## Task to carry out
Print the line containing "1216 Hawthorne, Houston, TX 77006" and all lines after it, unchanged, through the end of the data. Leave the pictures out.

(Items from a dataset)
++++++++
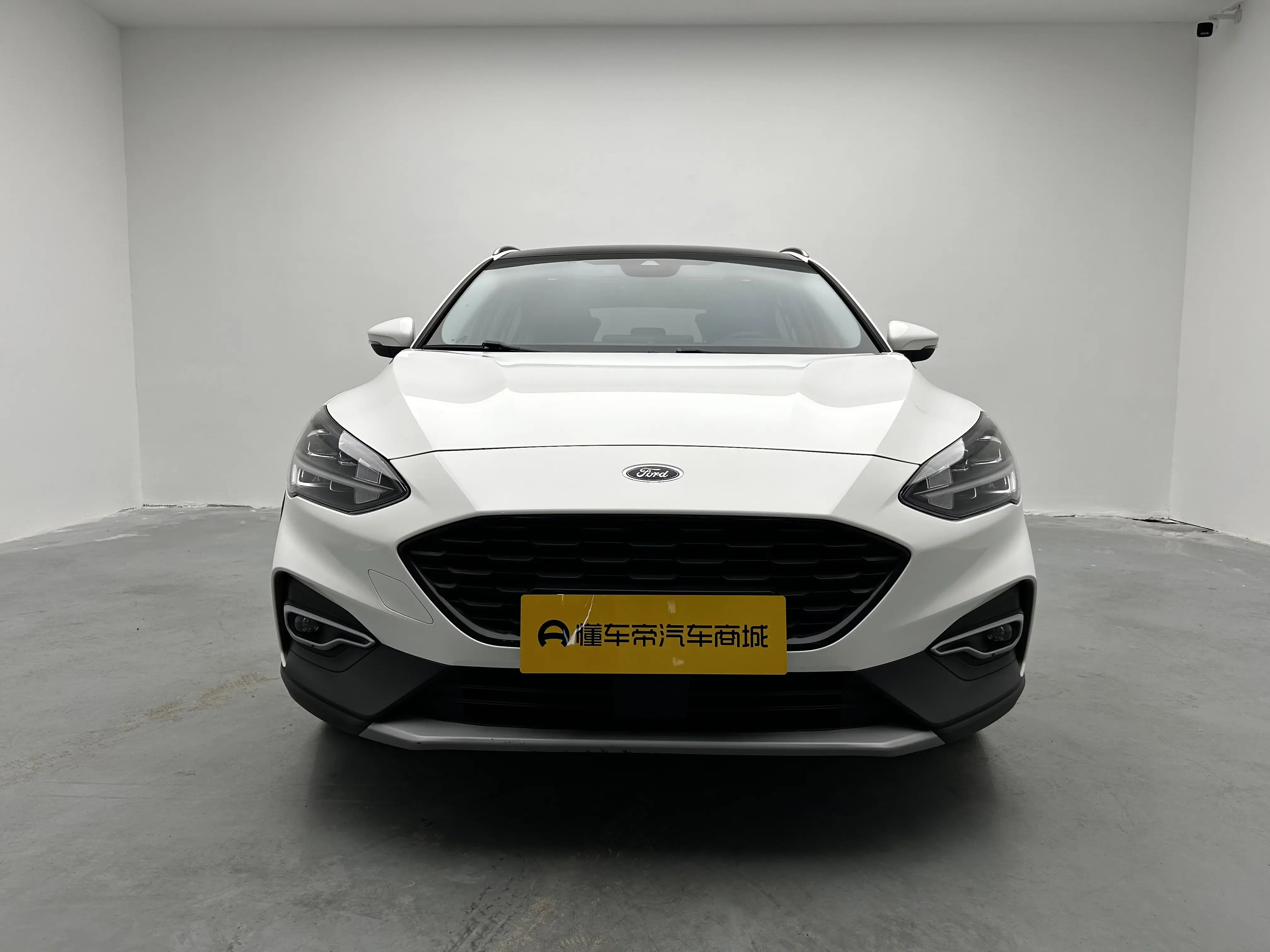 Ford Fox Active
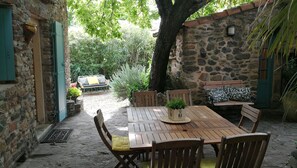 Restauration extérieure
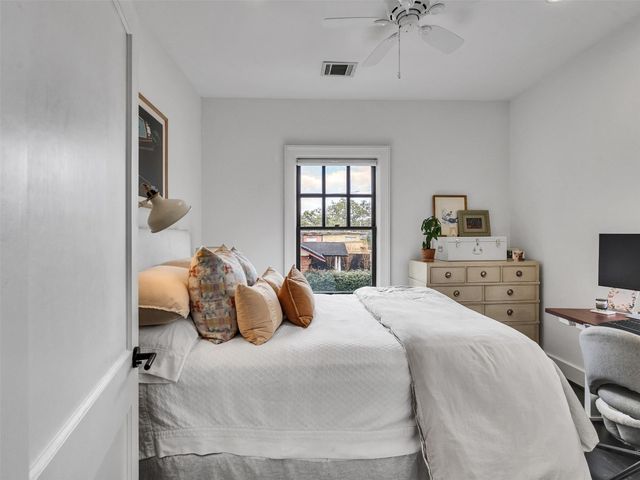 1216 Hawthorne, Houston, TX 77006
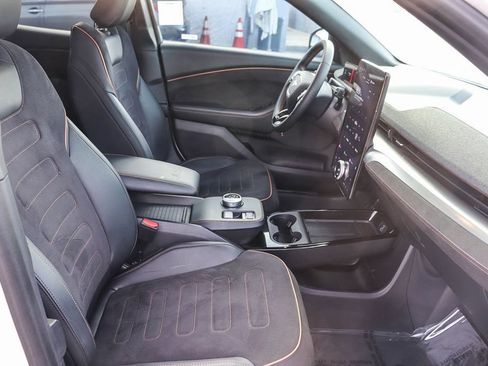 Used 2022 Ford Mustang Mach-E GT AWD/4WD image 21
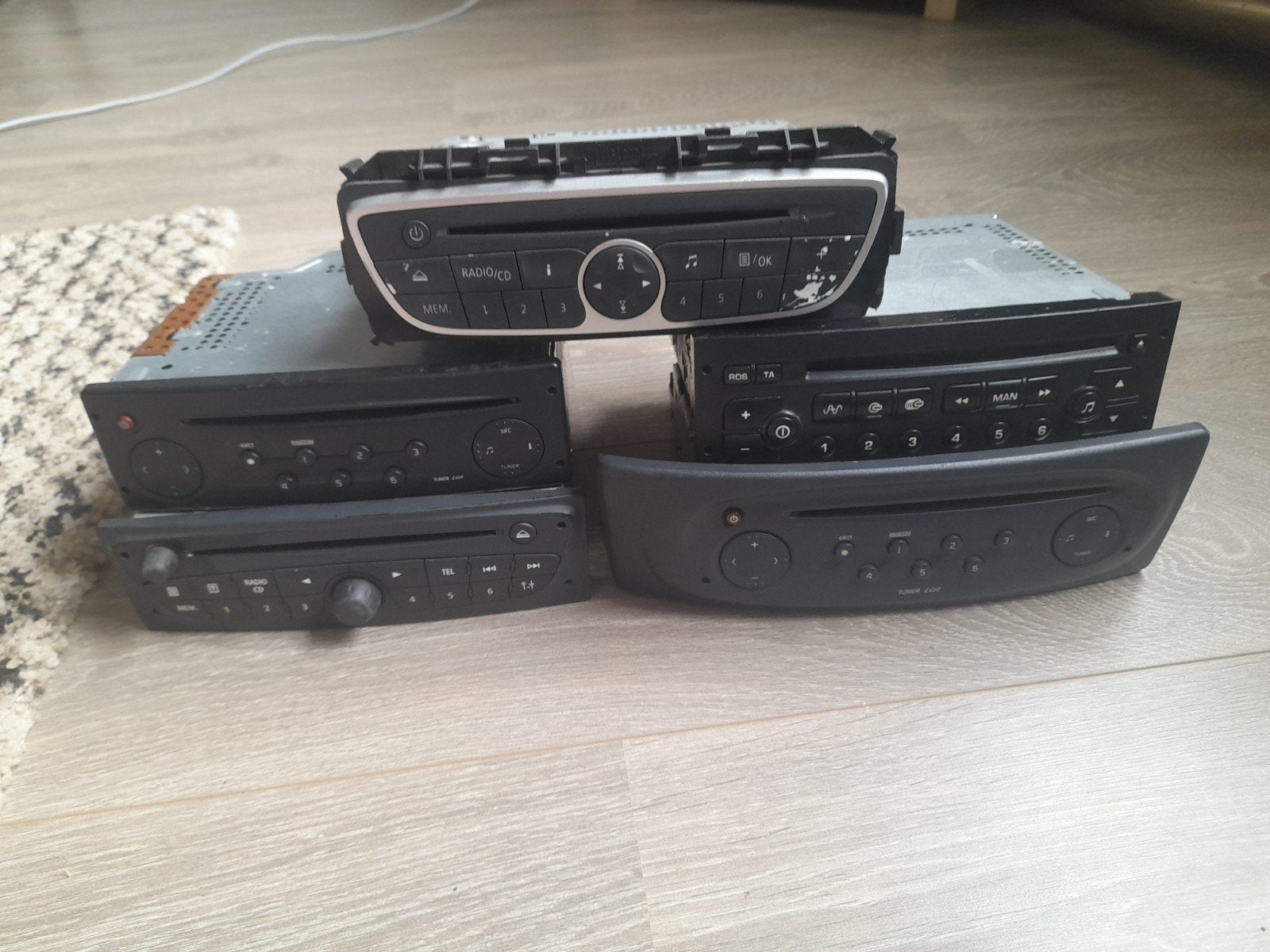 5X Renault cd speler autoradio's prijs 7.50 euro per stuk, Ophalen of Verzenden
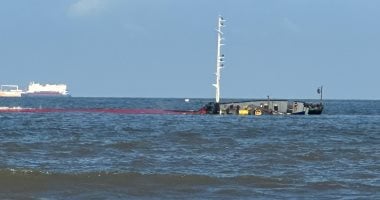 من جنوح مفاجئ إلى مزار سياحي.. القصة الكاملة للسفينة الغارقة على سواحل بورسعيد.. ربان FENER يطلق نداء استغاثة.. تحرك فورى من فرق الإنقاذ البحري بقناة السويس.. والهيئة: الحادث لم يؤثر على حركة الملاحة بالقناة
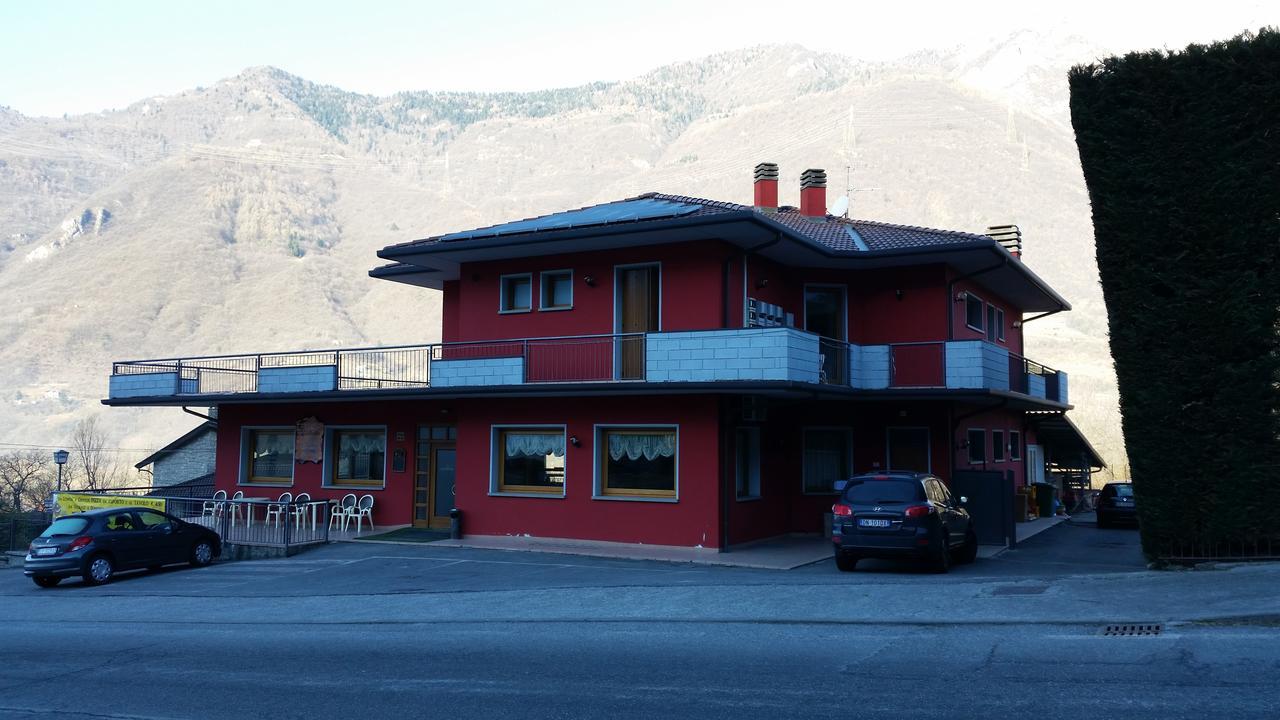 B&B La Villetta 布雷诺 外观 照片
++++++++
## Answer
 1216 Hawthorne, Houston, TX 77006
 Used 2022 Ford Mustang Mach-E GT AWD/4WD image 21
 5X Renault cd speler autoradio's prijs 7.50 euro per stuk, Ophalen of Verzenden
 من جنوح مفاجئ إلى مزار سياحي.. القصة الكاملة للسفينة الغارقة على سواحل بورسعيد.. ربان FENER يطلق نداء استغاثة.. تحرك فورى من فرق الإنقاذ البحري بقناة السويس.. والهيئة: الحادث لم يؤثر على حركة الملاحة بالقناة
 B&B La Villetta 布雷诺 外观 照片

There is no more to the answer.